GIVE IT TO ME GRANDE!!

Tuesday, April 28, 2009

Sarah Silverman; Love her or Hate her


 "I once gave a Mexican a blow-job.......I had diarrhea for 3 months."

I told this joke as a sophomore to my mostly White friends at my mostly white, upper-middle class, private high school in my de facto segregated hometown. I liked it because it had shock value, because it dared to have shock value, because it was told by a little Jewish chick who dared to have shock value, and because...well....it was funny. Insensitive, mean,  and racist--yes, but also ridiculous and therefore a racism worth laughing at. It'd be three years before I came across some literature and an academic setting that would validate and better articulate this opinion that my 16 year old mind was forming and struggling to defend. 

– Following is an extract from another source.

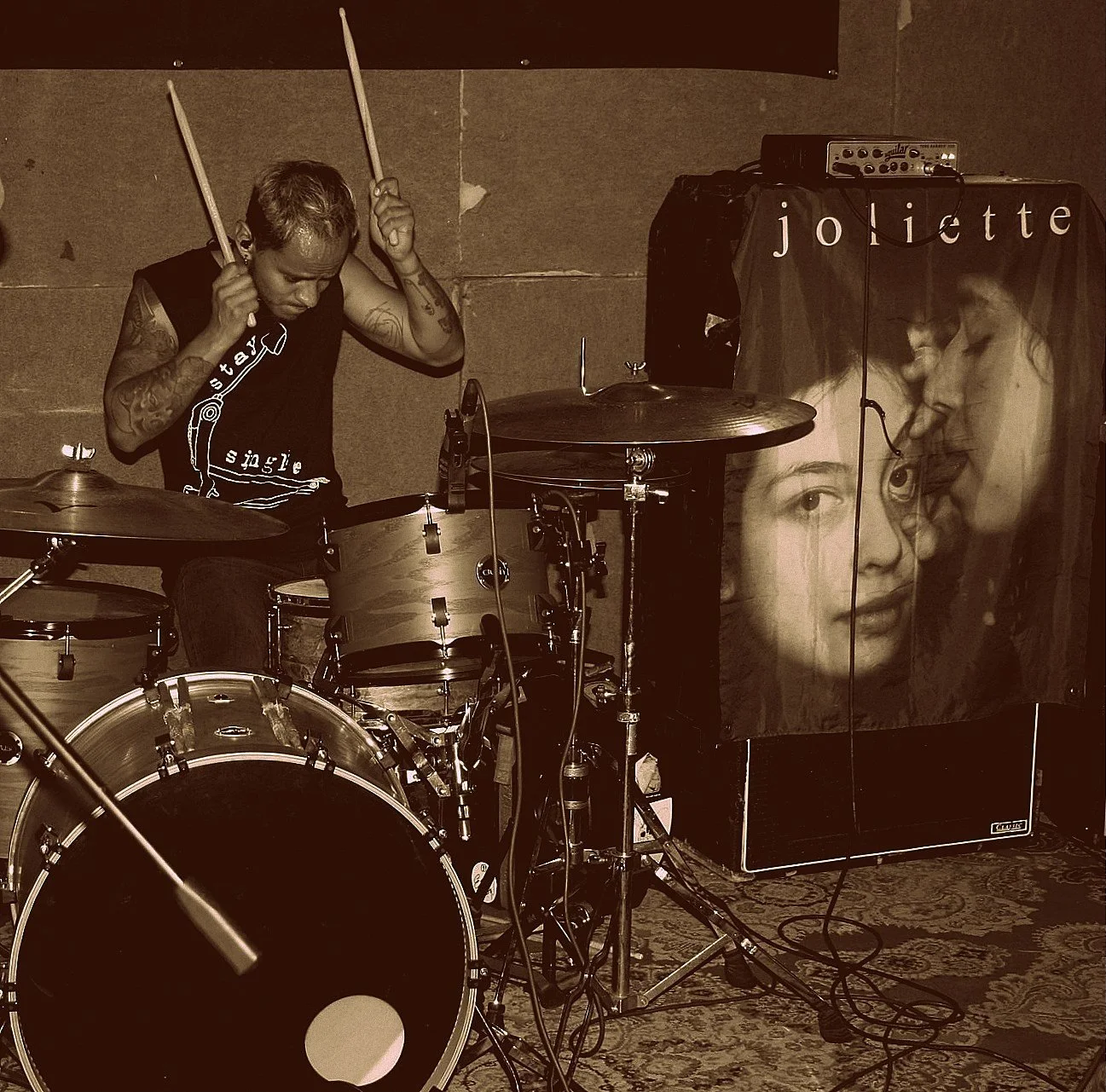 A drummer playing a drum set on stage with a large poster of a woman and child with the word 'Joliette' in the background.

Now I don't mean to bog you down with academia but this is "my mind brought to you by the speed of my fingertips". Recently I was assigned this webessay to read for my media crit class. It's called "Awkward Conversations About Uncomfortable Laughter" and is about the precious Sarah Silverman and her offensive jokes. No, it's not a bunch of offended Mexicans demanding Silverman be tarred and feathered. Instead, it's a critical look at how and why Silverman's comedy functions, and why it should be examined with more of an open mind ready to discuss instead of a closed mind ready to finger point and protest. I wrote a little response which I'll post here, but I invite you to read this essay for it's full of lovely good points and enjoyable video clips.  In a time where anyone with a microphone and a stage who says the wrong thing gets virtually stoned, it's important that we think twice before we criticize; question before we shrink back in pain and hurl counter attacks. 

The essay can be found here: http://flowtv.org/?p=1201



    As a fan of Sarah Silverman, I enjoyed Henry Jenkins's essay "Awkward Conversation About Uncomfortable Laughter" that recognizes and analyses the causes and effects of Silverman's jokes, which are usually very funny and highly "offensive".  Jenkins notes that Silverman's humor is effective and worthy of discussion in the way that it "map[s]  the border between what can and can not be said," about race and ethnicity in an America that's becoming increasingly diverse and ethnically fragmented simultaneously (Jenkins).  Many of Silverman's jokes depend on an America,particularly White America, that hasn't figured out how to create new racial relationships and discourses despite the breakdown of older racial rhetoric. As a result of this national context, Silverman's stage persona is a over-exaggerated/dramatized version of a confident, innocent, well-intended yet horribly ignorant White American who falls on her face when trying to deal with issues of race by radiating blatant "enlightened racism" instead of the tolerant speech she aimed for, although she remains blind to this fumble (Jenkins).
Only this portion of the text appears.